L’internationale des coopératives
A la fin de XIXème siècle, l’idée de la coopérative est dans l’air de l’Europe industrielle, comme ne manque pas de le souligner l’auteur, à travers plusieurs exemples choisis (Rochedale dans le Comté de Manchester, Raiffeisen et sa société de secours aux agriculteurs impécunieux en Allemagne, ou encore les paysans danois de Hjelling…). Pour autant, l’idée de coopération n’est pas démodée, en ce début de XXIème siècle. « Je suis convaincu que le modèle coopératif est pertinent pour répondre aux grands enjeux collectifs auxquels l’Humanité fait face : la préservation de l’environnement, la santé, la démocratie… » poursuit Roland Bauley. Et de citer quelques exemples d’initiatives coopératives bienvenues, comme dans le domaine des circuits courts. « En cette aube du XXIième siècle, des SCOP innovantes voient le jour. Je pense par exemple aux coopératives cyclo-logistiques, nées autour de 2016 pour faire face aux plates-formes concurrentes de livraisons à domicile, en limitant les solutions bruyantes et polluantes : Olivo, CoopCycle, les Coursiers Stéphanois. » Plus pointus, le secteur de l’intelligence artificielle et celui de la cyber-sécurité font aussi l’objet d’initiatives inspirées du monde coopératif, telles ces coopératives numériques, qui mutualisent leurs ressources, ou l’ULTS (Uralungal Technology Services), né dans l’Etat du Kérala en Inde.

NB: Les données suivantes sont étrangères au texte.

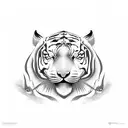 Design the boat of life of pi called "Tsimtsum" with a tiger going through a stormy ocean tattoo design idea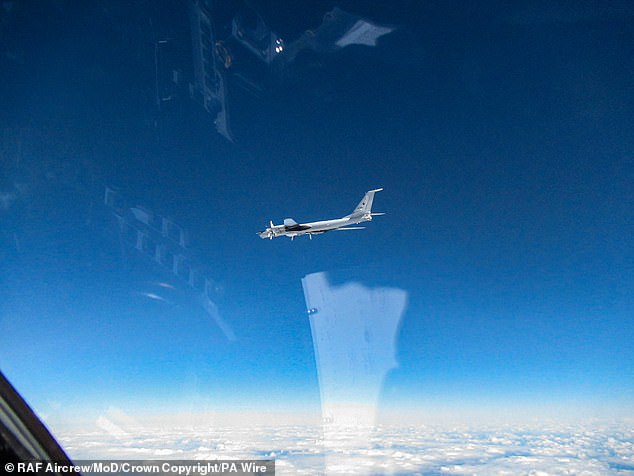 Interception of a Tu-95 Bear F on September 11, 2024 captured by the pilot's handheld camera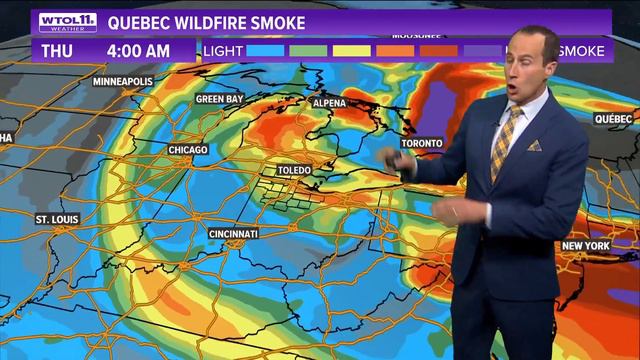 Wildfire smoke, hazy sunshine and dry weather continue | WTOL 11 Weather - June 7 смотреть онлайн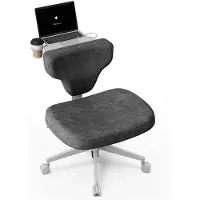 NEWTRAL Silla de meditación Freedom-X FP, sin reposabrazos, con bandeja para portátil ajustable, ideal para el hogar y la oficina, en color gris oscuro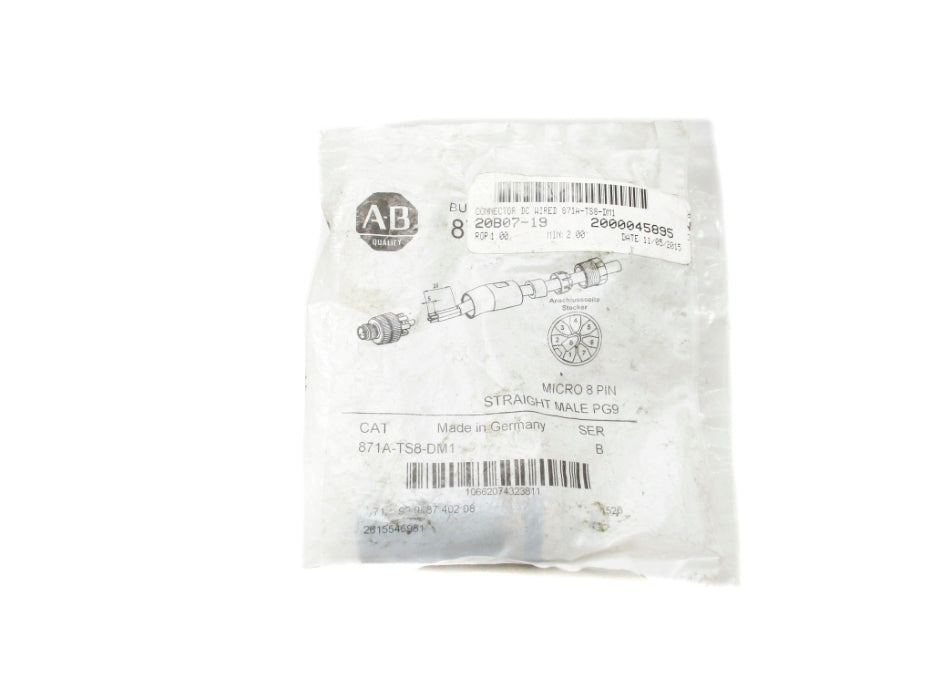 INDUSTRIAL SPARE PART 871A-TS8-DM1 SER. B NSMP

Bien que fervent défenseur du modèle coopératif, Roland Bauley n’ignore pas les dérives qui ont pu ternir son image. La crise financière systémique de 2007 avait par exemple mis en évidence choix douteux et peu éthiques du Crédit agricole en matière d’investissement : c’était la banque française la plus exposée dans les subprimes* ! Les producteurs laitiers collectés par Soodial savent bien que coopération ne rime pas forcément avec juste rémunération, car la première coopérative laitière de France est bien souvent la moins disante en matière de prix du lait… « Il est clair que certaines coopératives ont dérivé de leur esprit initial, pour devenir, via la création de filiales, des groupes capitalistiques qui se comportent comme leurs concurrents privés, pour être présents sur les marchés mondiaux, reconnaît Roland Bauley. Néanmoins je reste optimiste, c’est ma nature, et je suis convaincu que l’essence du modèle coopératif est bienfaisante, pour peu qu’on reste à une échelle locale, avec une gouvernance qui permette aux coopérateurs de participer à la prise de décisions. »
Subprimes : prêts immobiliers accordés par les banques à des Nord-Américains pauvres, peu fiables, qui ont fait l'objet de spéculations en cascade jusqu'à l'explosion de la bulle financière... et ont fini par le renflouement des banques privées par des fonds publics, en vertu du précepte "too big to fail" (trop gros pour s'effondrer).